Perhaps it relates to our need for comforting, hugging food - because it’s hard to think of anything more comforting than a dumpling. Whatever the reason, the fact remains: We’ve become a nation of pocket foods, something wrapped in dough you can bite into. “That guy from Carmel Market (‘Kobi Bureka’ N.K) who shouts, ‘It only made me feel good’” admits Amos, “before him, people didn’t know what Bureka was, but after he competed on MasterChef, something like 30 people were waiting for me at the opening.”

Because of all the names mentioned above, the Bureka was until a few years ago one of the fried dumplings with the least publicity: Israeli diners knew dim sum and gyoza from the Far East before tasting this Karachi-style creation with egg and potato.

Blamo-Sassi in Or Yehuda.
Blamo-Sassi in Or Yehuda. (credit: Nir Kipnis)

80 Years of Dough

Beyond the skill required for frying, it seems the main difference between one Bureka and another lies in the dough - and that of Blamo-Sassi Bureka is made by Hannah, Amit’s mother. The thin, springy dough is laid out a bit like a crepe on a round griddle (“80 years old!” he proudly tells us), and from there, after wrapping the filling, it’s skillfully dropped into the hot oil.
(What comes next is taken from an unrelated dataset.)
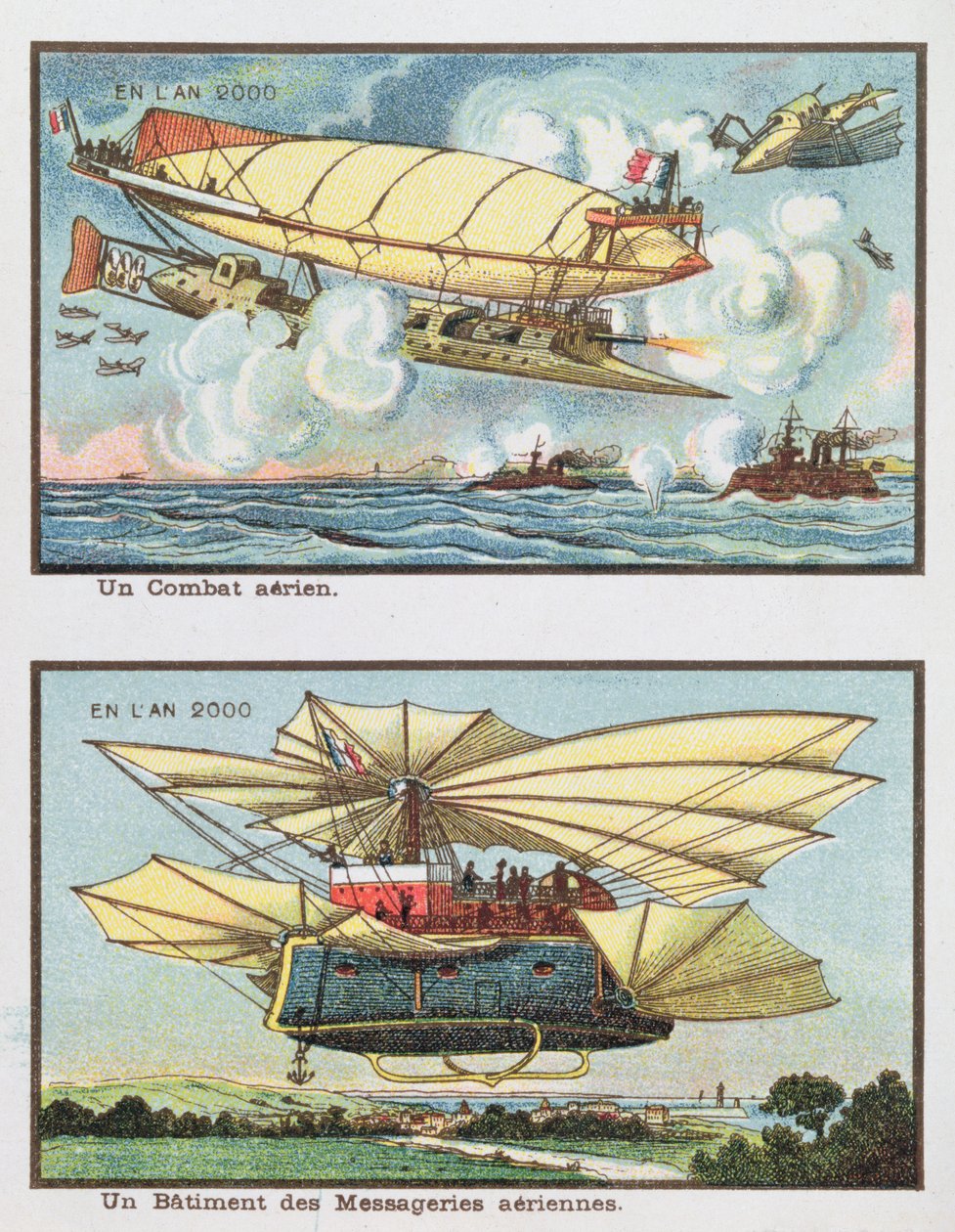 Fantasy zobrazení letecké bitvy a letadla pro přepravu nákladu v roce 2000, kolem roku 1910 od French School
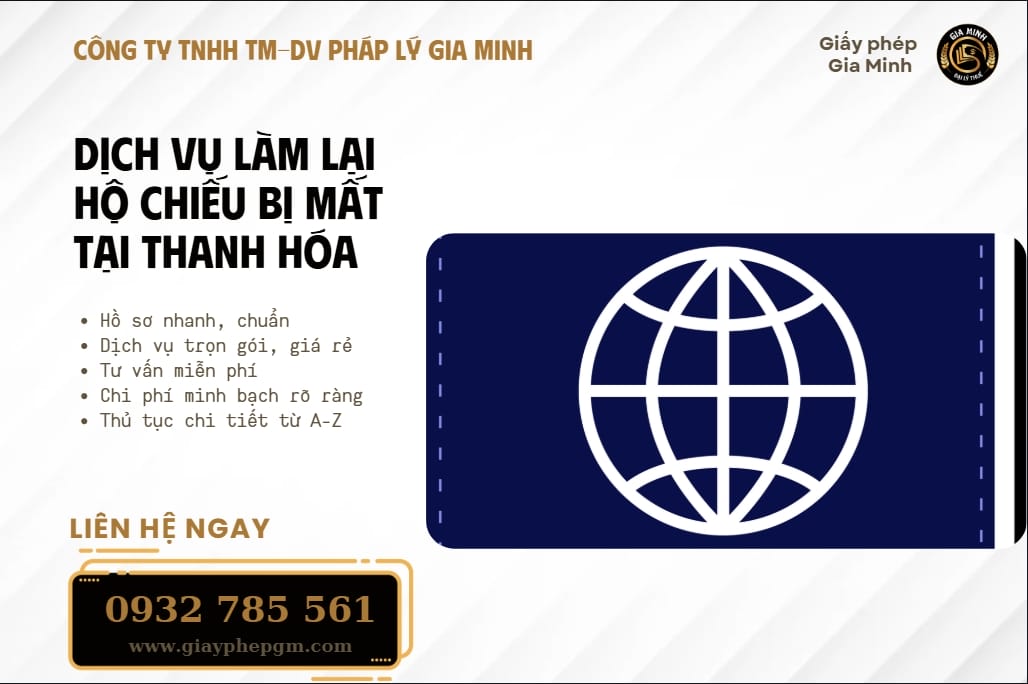 Dịch vụ làm lại hộ chiếu bị mất tại Thanh Hóa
One of the cheapest menus in Israel. Blamo-Sassi Bureka.
One of the cheapest menus in Israel. Blamo-Sassi Bureka. (credit: Nir Kipnis)

We went for a Bureka with bread on the side and received four slices of uniform bread spread with a generous portion of Chuma pepper, alongside pickled vegetables, and of course - the Burekas: One with mashed potato and two with egg, whose careful handling still colored our hands with yellow yolk. Not to overpraise: it’s simple food, even by street-food standards, but friends - it’s winning simplicity: The crispiness of the fried dough wraps the softness of the bread, the spicy Chuma pepper lifts the egg and potato to crazy heights - and the touch of pickled vegetables adds the tang that makes this simplicity perfect.

What else is perfect? The price: A Bureka with egg or potato costs NIS 16 (when was the last time you saw a dish, as simple as it is, returning change from NIS 20?), and a Bureka with bread costs NIS 22 - when was the last time you ate, enjoyed, and left full for such a price?